Ainsi, quelques indications peuvent aider à l’établissement d’une nouvelle cartographie diplomatique guinéenne. Pour ce faire, il convient de déterminer, si, dans ses propres intérêts économiques et géostratégiques, le Ministère des affaires étrangères décide de suivre la houle diplomatique, le critérium qui peut justifier la fermeture d’ambassades en fonction des enjeux du moment. Dans cette démarche, on pense par exemple à l’intérêt qu’il y a encore aujourd’hui de maintenir, dans quelques Etats, des ambassades et consulats dont les justifications remontent à l’époque du monde bipolaire ou qui restent la démarcation politique de l’action diplomatique de la Guinée de ce monde bipolaire à l’indépendance du pays et au commencement des années 1960. C’est le cas des représentations diplomatiques et consulaires créées dans la foulée du Mouvement des Non alignés. Le plus important, ce n’est pas de maintenir sur papier un consulat, c’est de le faire vire concrètement. Aussi, que sait-on réellement du nombre de guinéens à travers le monde ou dans chaque Etat où la Guinée est représentée ? La réponse à cette question peut, en outre, tenir lieu de critère utile à la redéfinition d’une nouvelle cartographie avec des compétences géographiques des ambassades et consulats rendues utiles.
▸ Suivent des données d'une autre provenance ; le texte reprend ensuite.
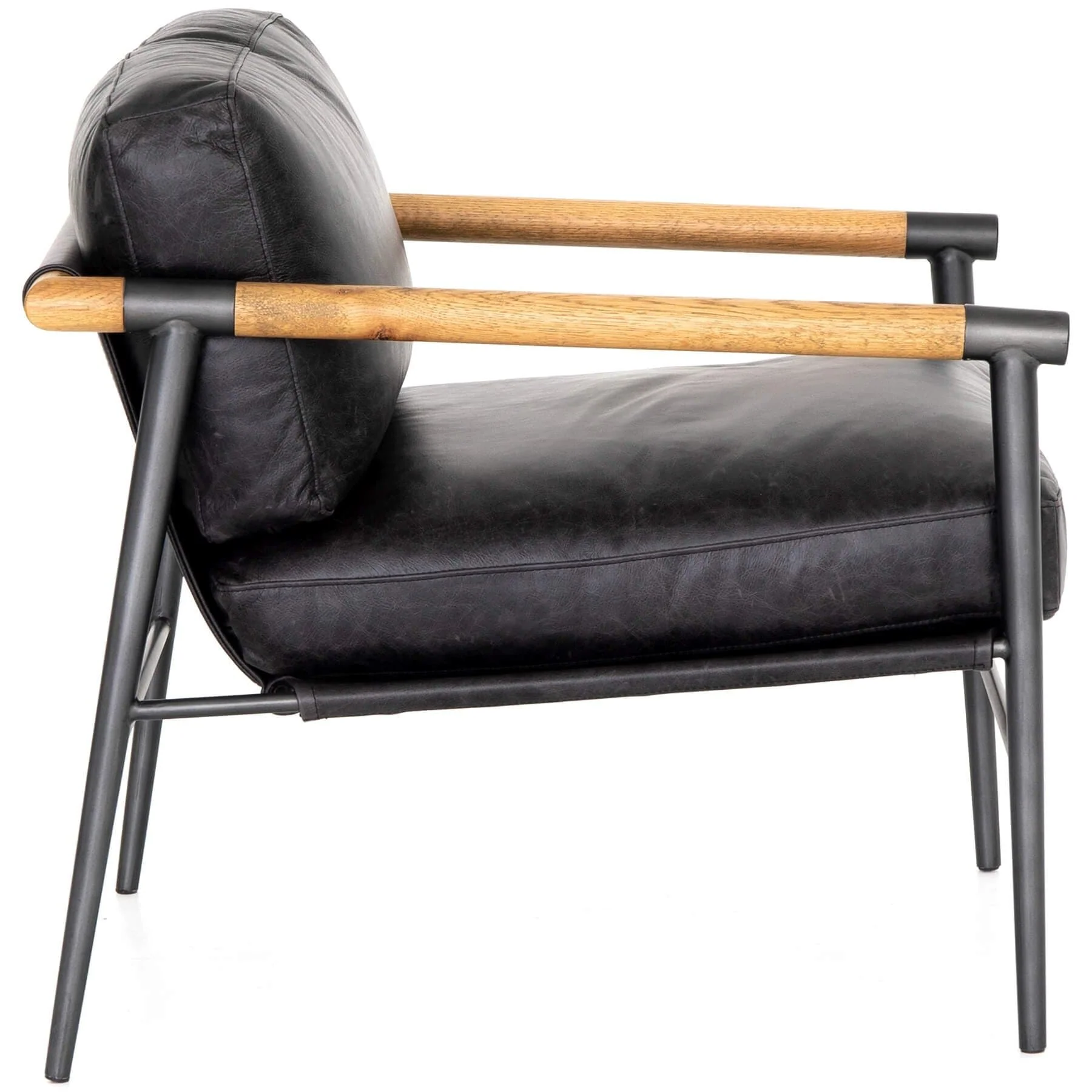 Rowen Leather Chair, Sonoma Black - Image 3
Mais le problème est que ce chiffre réel demeure inconnu officiellement car depuis plusieurs années, les ressortissants guinéens sont insuffisamment recensés par l’Etat, essentiellement à l’occasion des joutes électorales, et seulement dans quelques grandes mégalopoles africaines (Angola, Abidjan, Abuja, etc.) et occidentales (Paris-New-York-Canada, etc.) Or, le maintien d’ambassades doit désormais se faire, dans quelque cas, en fonction du poids des relations économiques publiques et privées. Ce qui ne signifie pas la fin des relations avec les Etats accréditaires concernés. Il s’agit seulement de reporter les compétences et attributions de certaines ambassades ou consulats à d’autres. Cela explique la nécessité absolue de mener une étude sérieuse sur le sens de l’action diplomatique ainsi que sur les avoirs qui prennent inévitablement la destination des caisses de la Direction nationale du Trésor public.
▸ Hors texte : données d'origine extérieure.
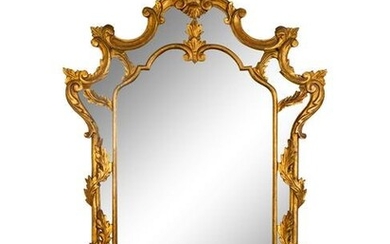 A Regence Style Giltwood Mirror Height 51 x width 29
L’autre problème qu’il faut avoir à l’esprit dans la perspective d’une éventuelle réorganisation de la diplomatie guinéenne porte sur les qualifications, les compétences requises pour le recrutement du personnel diplomatique de la Guinée. Au cœur de ce problème se trouve le débat sur la qualité des programmes de formation et d’une manière générale de l’enseignement supérieur. Sur la base d’un accord-cadre, le Ministère des affaires étrangères et celui de l’enseignement supérieur et de la recherche scientifique peuvent établir, en fonction du besoin en personnel qualifié de la chancellerie,un plan quinquennal sur les programmes d’enseignement à l’usage des universités guinéennes et de futures grandes écoles, dont la construction est devenue crucialement indispensable, dans le domaine de la diplomatie, de la politique, de l’Histoire, des arts...car la diplomatie est tout un dynamique ensemble.
Pour finir, sur la Guinée, il n’est pas possible d’avoir une cohérence dans la restructuration d’ambassades sans une étude fiable sur le patrimoine et sans statistiques aboutissant à un document de stratégie sur le futur nouveau réseau d’ambassades de la Guinée. C’est le seul moyen d’avoir des repères objectifs et un consensus.